In realtà la difficoltà di imporre un’autorità riconosciuta è piuttosto evidente anche in molti contesti “adulti”, come quelli lavorativi, dove la gestione dei gruppi appare complicata nonostante il fiorire di un sempre maggior numero di corsi di formazione intra-aziendali.
Perché accade questo?
Il luogo di lavoro sta diventando, sempre di più, uno spazio nel quale i problemi da risolvere sono di carattere socio-emotivo piuttosto che operativo. L’obiettivo non è più quello di risolvere i problemi, ma di strutturare dei rapporti con i colleghi il più innocui possibili. Per questo è fondamentale far di tutto per dimostrarsi amichevoli piuttosto che competenti; spesso chi cerca di fondare il rapporto sulle capacità e sul rispetto dei ruoli è tacciato di immodestia o di senso di superiorità, e per questo, escluso dal gruppo.
In un contesto del genere è molto difficile riuscire a strutturare un’autorità riconosciuta, perché spesso chi dovrebbe esercitarla non lo fa, o per incapacità o per mancanza di possibilità. Se l’obiettivo non è essere riconosciuti per la propria esperienza o per i propri meriti, che magari vanno nascosti o minimizzati per un desiderio di finta uguaglianza, ma essere accettati, si comprende come sia impossibile essere dei veri leader.
La leadership non può venire richiesta come un favore, ma deve essere accettata dal gruppo, quando non imposta. Un leader autoritario spesso è utile nei momenti difficili, quando è necessario assumersi responsabilità pesanti in tempi immediati, mentre un leader maggiormente democratico funziona meglio nella quotidianità, nella consapevolezza, tuttavia, che essere disponibili ad ascoltare gli altri non significa condividere la responsabilità del potere di scelta.
Un leader incapace tenderà ad assecondare le richieste di tutto il gruppo per non essere inviso a nessuno, o a chiudere diversi occhi rispetto a regole apertamente disattese. Tenderà a non essere un modello per nessuno perché rinforzerà tutti i comportamenti dei suoi sottoposti, anche quelli sbagliati, per paura di perderne l’affiliazione, o peggio, non ne premierà alcuno per paura di essere giudicato debole ed inadeguato.
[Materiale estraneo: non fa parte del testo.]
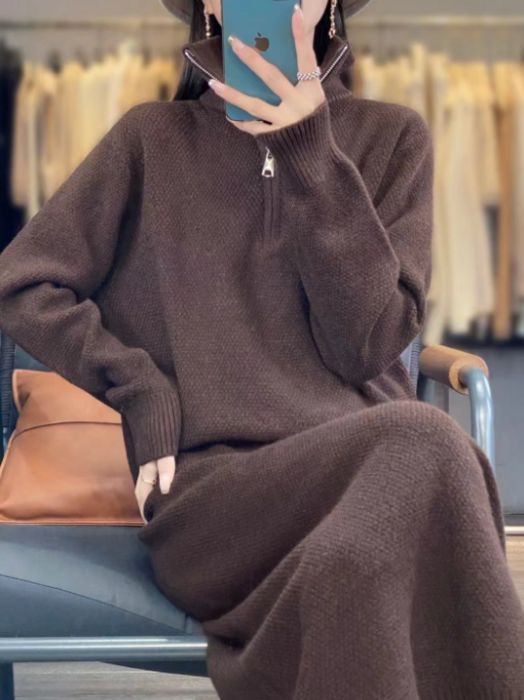 Glossyフロントジッパー／リブニット/アメリカンスリーブタイト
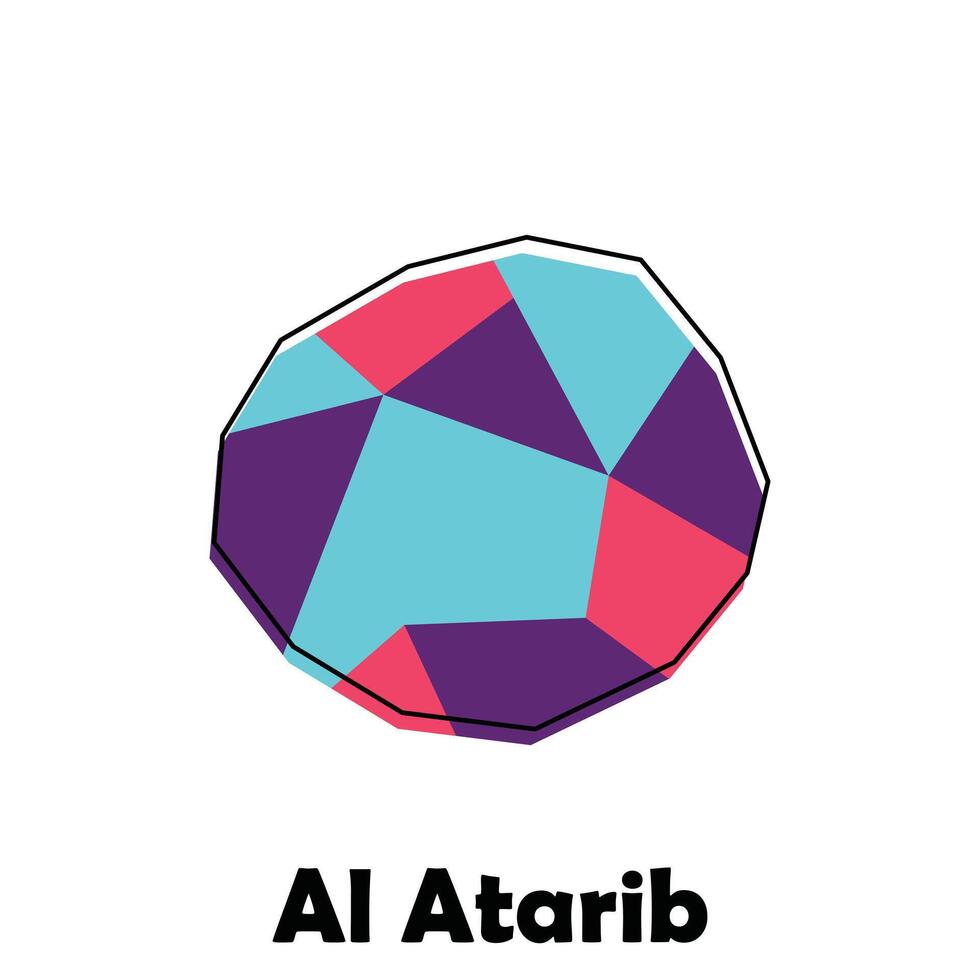 Map Syria Country With City of Al Atarib, geometric and colorful logo design template element vector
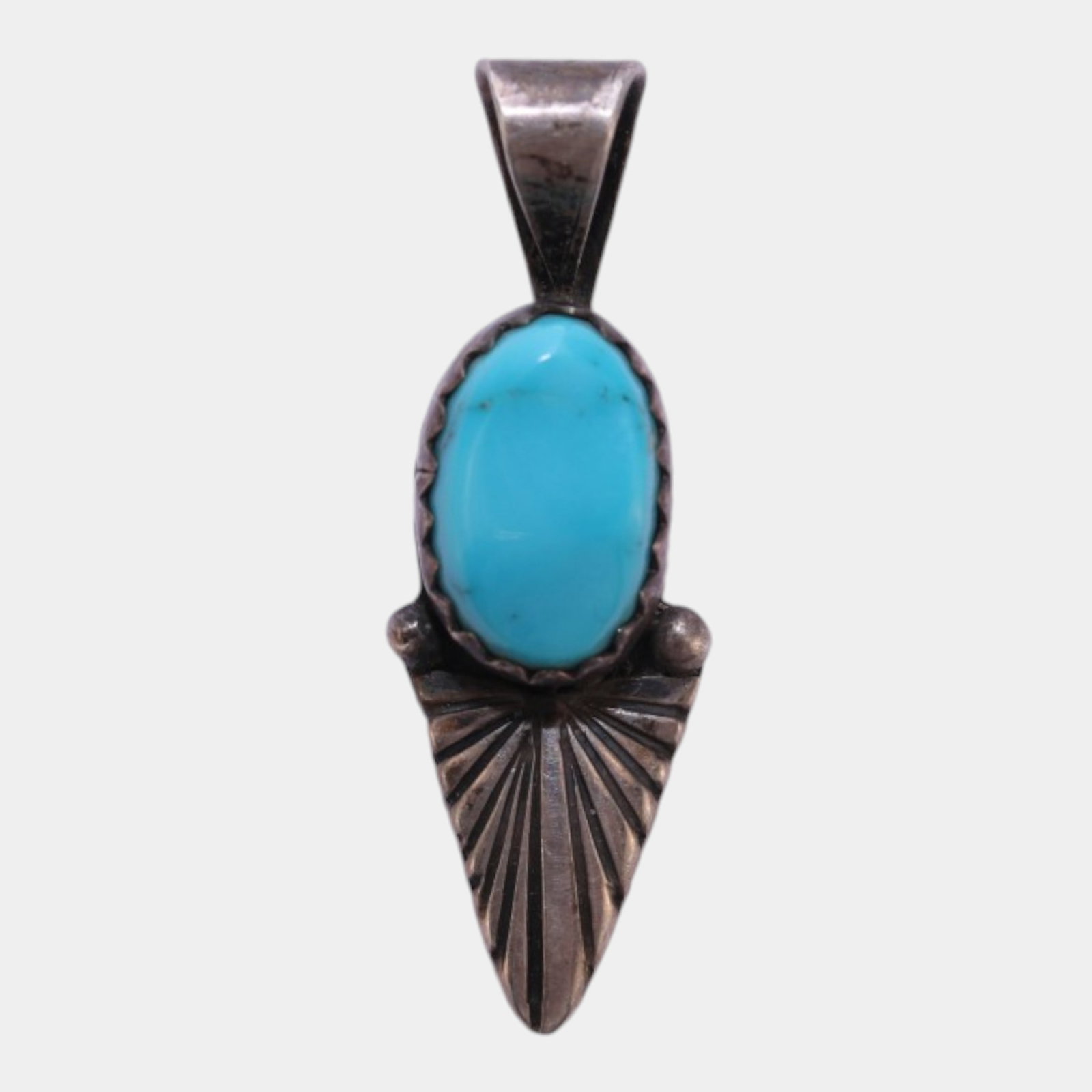 Sterling Silver Turquoise Cabochon Southwestern Sunburst Pendant Jewelry Charm: Professional, fast, and affordable in house shipping available for all items. For higher resolution images please visit bid.craftedauctions.com Excellent condition. Age related wear. Acid tested. Pend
E creerà un circolo vizioso nel quale anche i membri migliori del gruppo tenderanno ad appiattirsi su livelli bassi di rendimento, perché non adeguatamente riconosciuti, nel tentativo di “non fare differenze”, che nonostante tutto esistono e sono spesso evidenti.
In questo modo, tuttavia, egli sgretolerà le basi stesse della sua leadership, perchè i membri del gruppo non potranno fidarsi di un capo incapace di mantenere la rotta e di tracciare la strada da percorrere. Quello stesso leader, infatti, non sarà in grado di risolvere i problemi o di difendere il proprio team nei momenti di difficoltà.
Quello che non funziona in un contesto che dovrebbe essere altamente “formalizzato”, certo non funzionerà all’interno della famiglia, dove sussistono legami affettivi molto intensi. Genitori che non sanno premiare adeguatamente i propri figli, né punirli, ma che ne cercano l’amicizia per paura di perderne l’affetto, non possono certo essere modelli di leadership, né tantomeno insegnare loro a rispettare un’autorità che non riescono ad incarnare.